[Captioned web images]
----------------

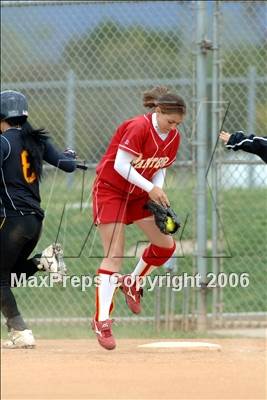 Thumbnail 2 in Corona vs Cerritos (Woodbridge Tournament) photogallery.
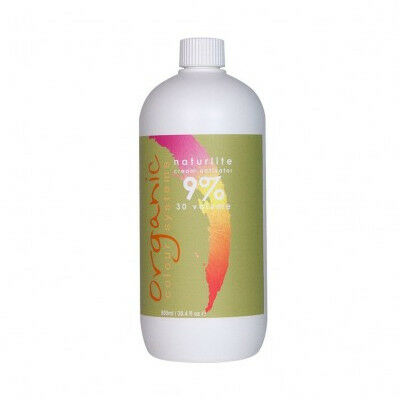 Organic ColourSystems Naturlite Cream Activator, Aktivaator 9%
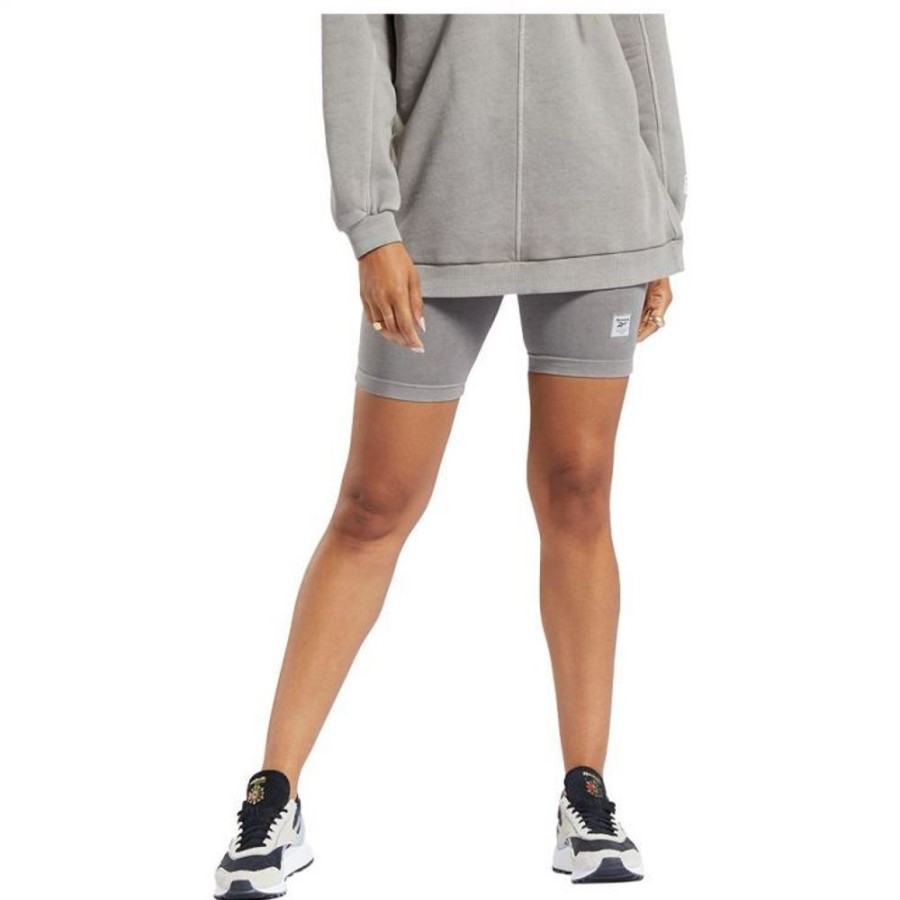 Women Reebok | Reebok Wmns Classics Natural Dye Legging Shorts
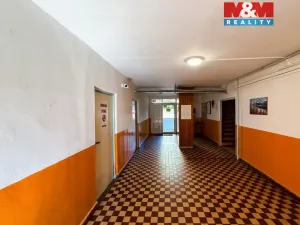 Pronájem bytu 1+1, Česká Lípa, Větrná, 36 m2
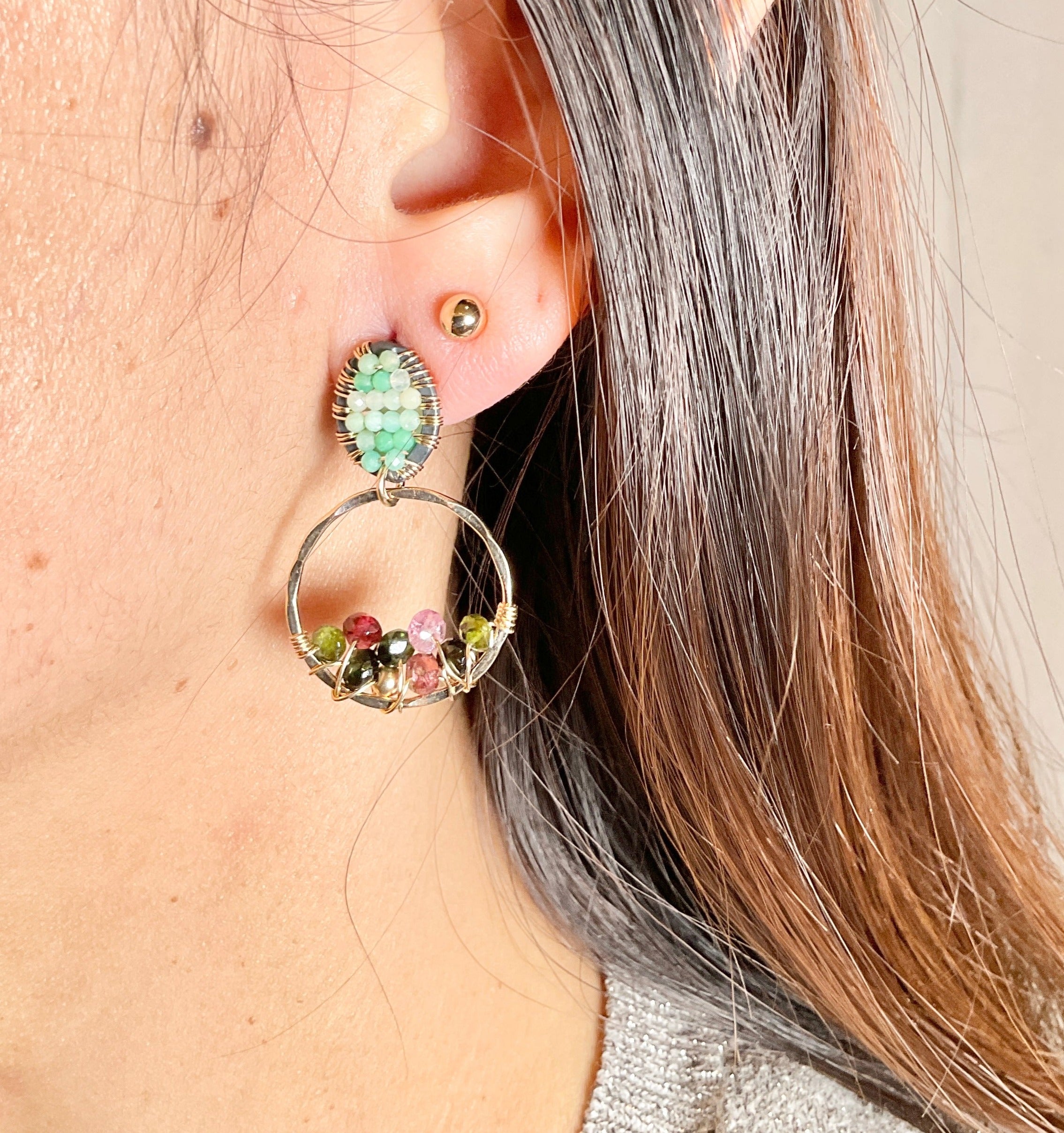 Elisse Earrings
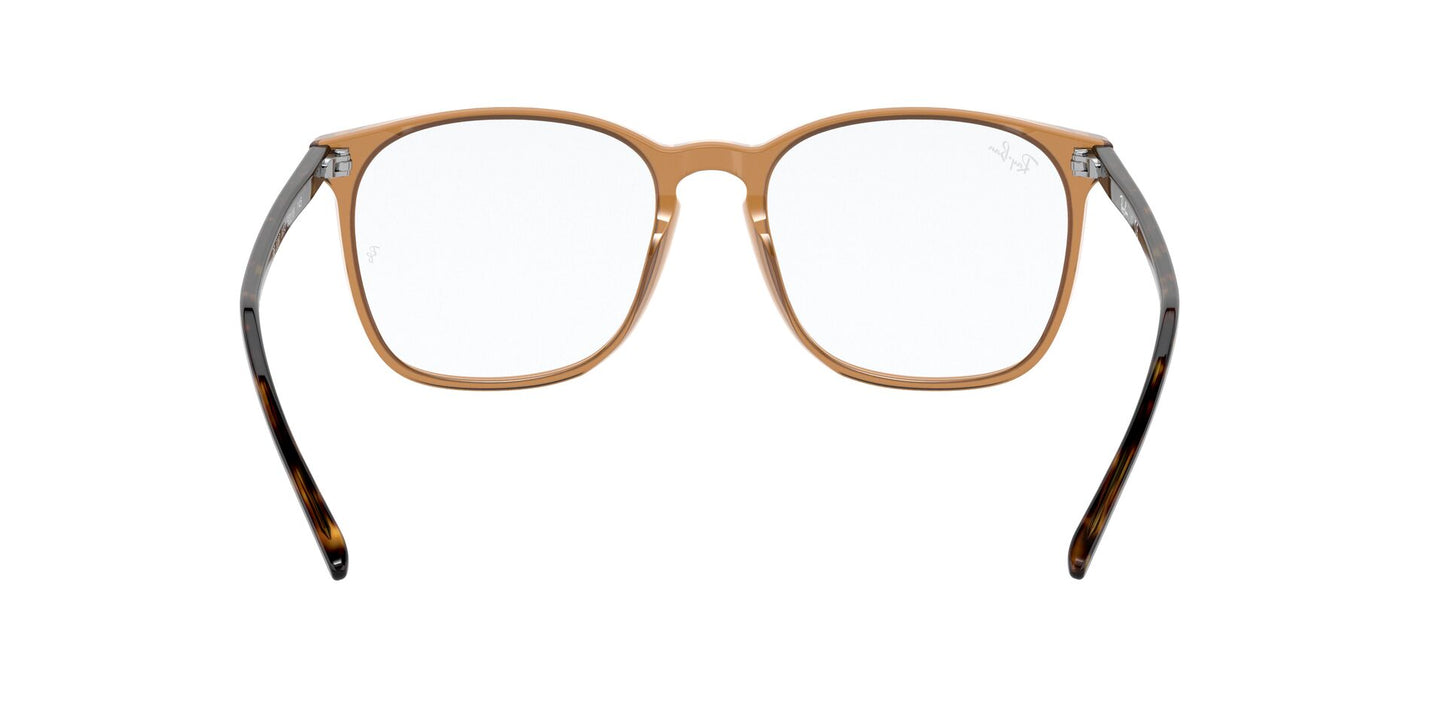 Lente Oftálmico Ray Ban RX5387 Beige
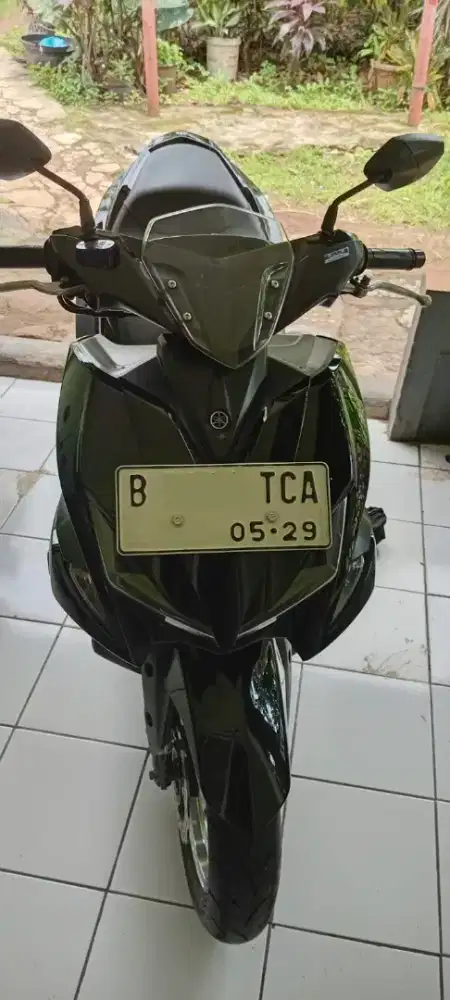 Yamaha Aerox 155 2019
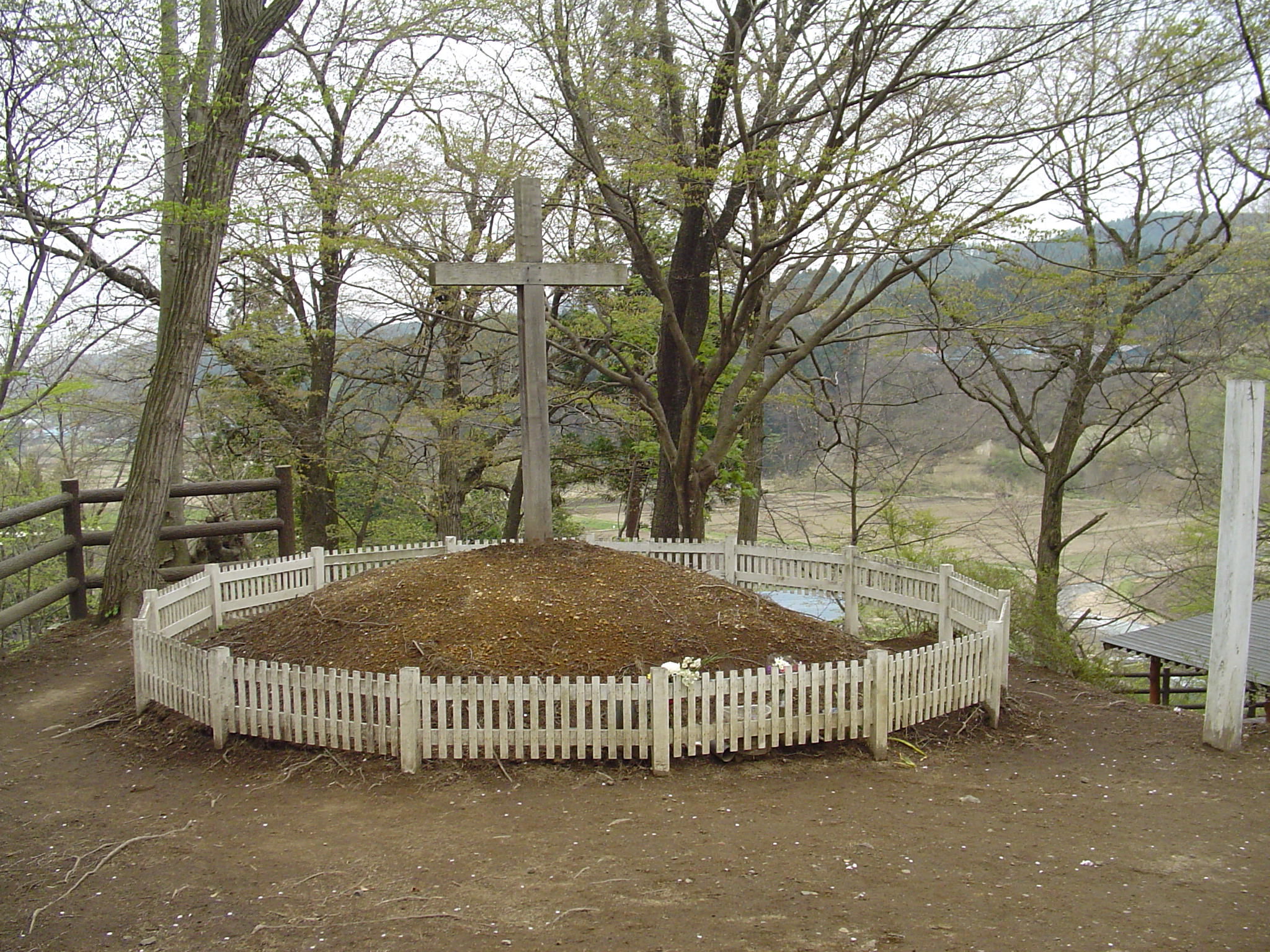 jesus grave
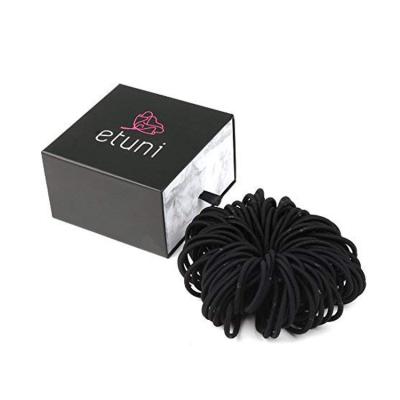 China Custom Logo Printing Paper Drawer Hair Tie Box Packaging For Hair Ties for sale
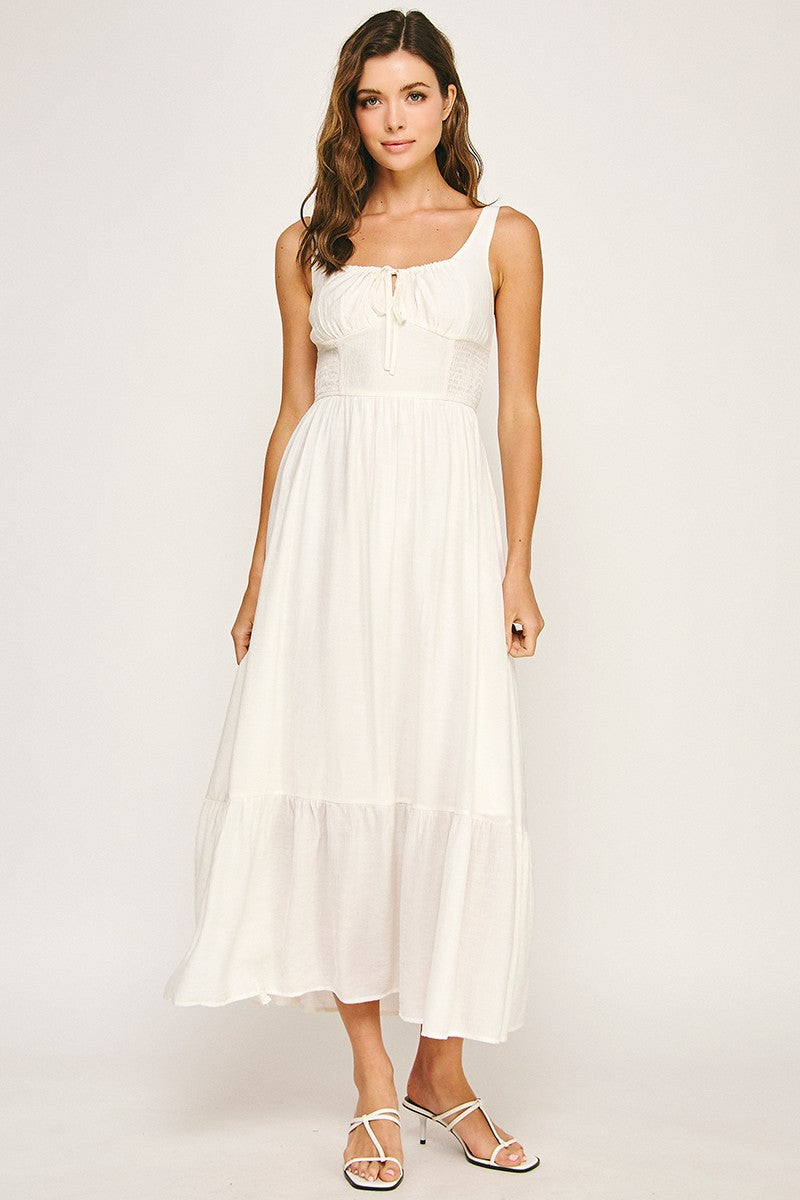Sunkissed Maxi Dress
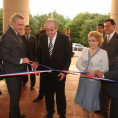 Mejoras en el Palacio de Justicia de Encarnación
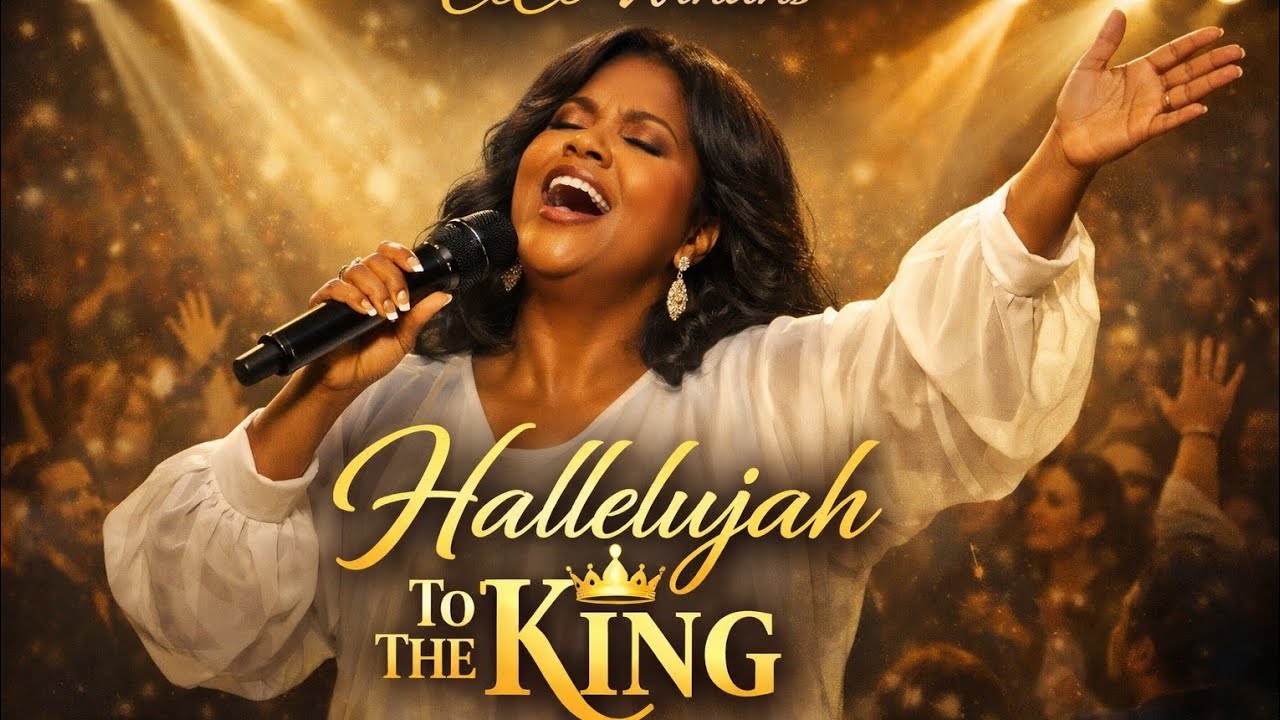 Cece Winans   Hallelujah To The King 👑🔥 | Powerful Gospel Worship Song 👑👑✝️✝️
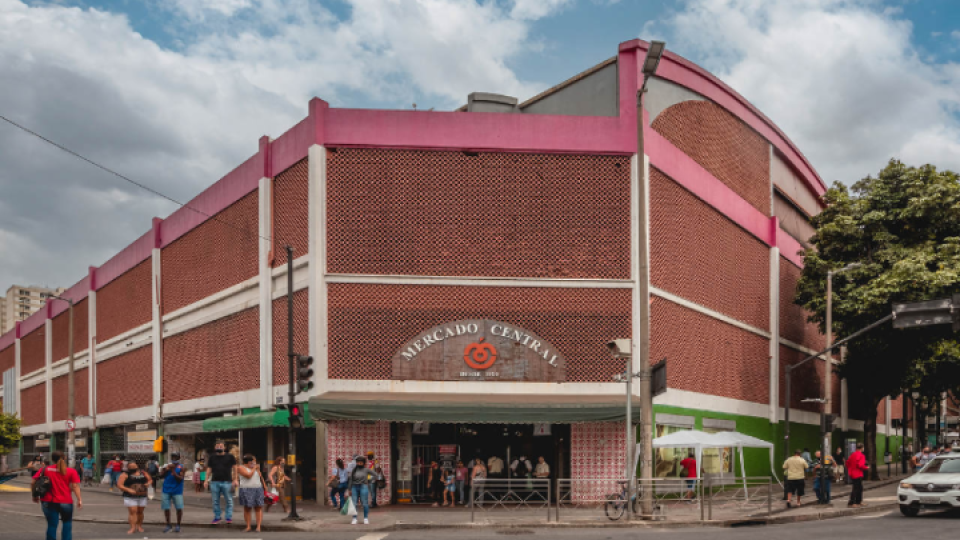 Mercado Central de Belo Horizonte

----------------

§ Your goal
Your answer should consist of the lines above between those holding "Pronájem bytu 1+1, Česká Lípa, Větrná, 36 m2" and "Worship Song 👑👑✝️✝️", inclusive, reproduced word for word and without pictures.

§ Your response
 Pronájem bytu 1+1, Česká Lípa, Větrná, 36 m2
 Elisse Earrings
 Lente Oftálmico Ray Ban RX5387 Beige
 Yamaha Aerox 155 2019
 jesus grave
 China Custom Logo Printing Paper Drawer Hair Tie Box Packaging For Hair Ties for sale
Sunkissed Maxi Dress
 Mejoras en el Palacio de Justicia de Encarnación
 Cece Winans   Hallelujah To The King 👑🔥 | Powerful Gospel Worship Song 👑👑✝️✝️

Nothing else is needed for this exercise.